Frequently Asked Questions

Common clinical questions about TRABECTEDIN vs AURLUMYN, answered by our medical review team.

1. What is the main difference between TRABECTEDIN and AURLUMYN?

TRABECTEDIN is a Antineoplastic Agent that works by Trabectedin binds to the minor groove of DNA, forming adducts that lead to DNA strand breaks and inhibition of transcription. It also affects the tumor microenvironment by modulating cytokine production and inhibiting activated macrophages.. AURLUMYN is a Antineoplastic Agent that works by Microtubule inhibitor that binds to tubulin and disrupts microtubule dynamics, leading to mitotic arrest and apoptosis.. They differ in pharmacokinetic profiles, FDA-approved indications, and side effect profiles.

2. Which is stronger: TRABECTEDIN or AURLUMYN?

Potency comparisons between TRABECTEDIN and AURLUMYN depend on the specific clinical indication. These are both Antineoplastic Agent agents and are not directly interchangeable by dose. A physician or clinical pharmacist should guide any therapeutic switching decisions.

3. What is the standard dosing for TRABECTEDIN vs AURLUMYN?

The standard adult dose of TRABECTEDIN is: 1.5 mg/m² intravenously over 24 hours every 3 weeks.. The standard adult dose of AURLUMYN is: Intravenous, 6 mg/kg every 4 weeks for 6 cycles; each cycle: Days 1 and 15 of a 28-day cycle.. Dosing should always be individualized based on indication, renal and hepatic function, age, and other patient factors.

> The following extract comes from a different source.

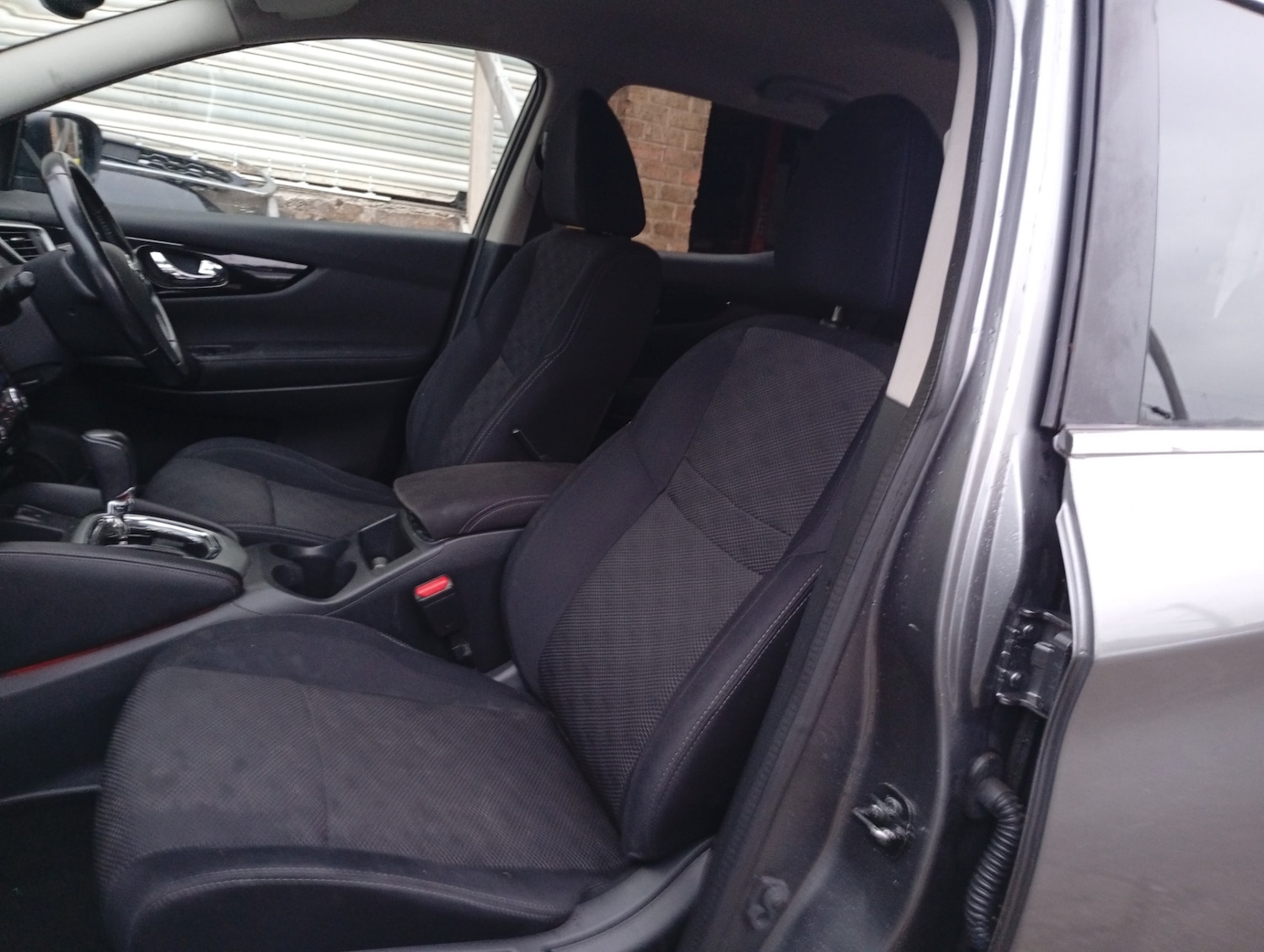 Used Nissan Qashqai 2016 for sale - 78112736: Photo 14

4. Can you take TRABECTEDIN and AURLUMYN together?

No direct drug-drug interaction has been formally documented between TRABECTEDIN and AURLUMYN in current clinical databases. However, individual patient risk factors including other medications, organ function, and comorbidities should always be evaluated by a qualified healthcare provider.

5. Are TRABECTEDIN and AURLUMYN safe during pregnancy?

The maternal-fetal safety profiles differ. TRABECTEDIN is classified as Category C. Trabectedin is teratogenic based on animal studies. It is contraindicated in pregnancy. First trimester exposure carries high risk of major malformations and pregnancy loss. Second. AURLUMYN is classified as Category C. First trimester: Increased risk of major congenital malformations (neural tube defects, cardiovascular anomalies) based on animal studies and limited human data. Second and third t. Always consult a maternal-fetal medicine specialist before taking either drug during pregnancy or lactation.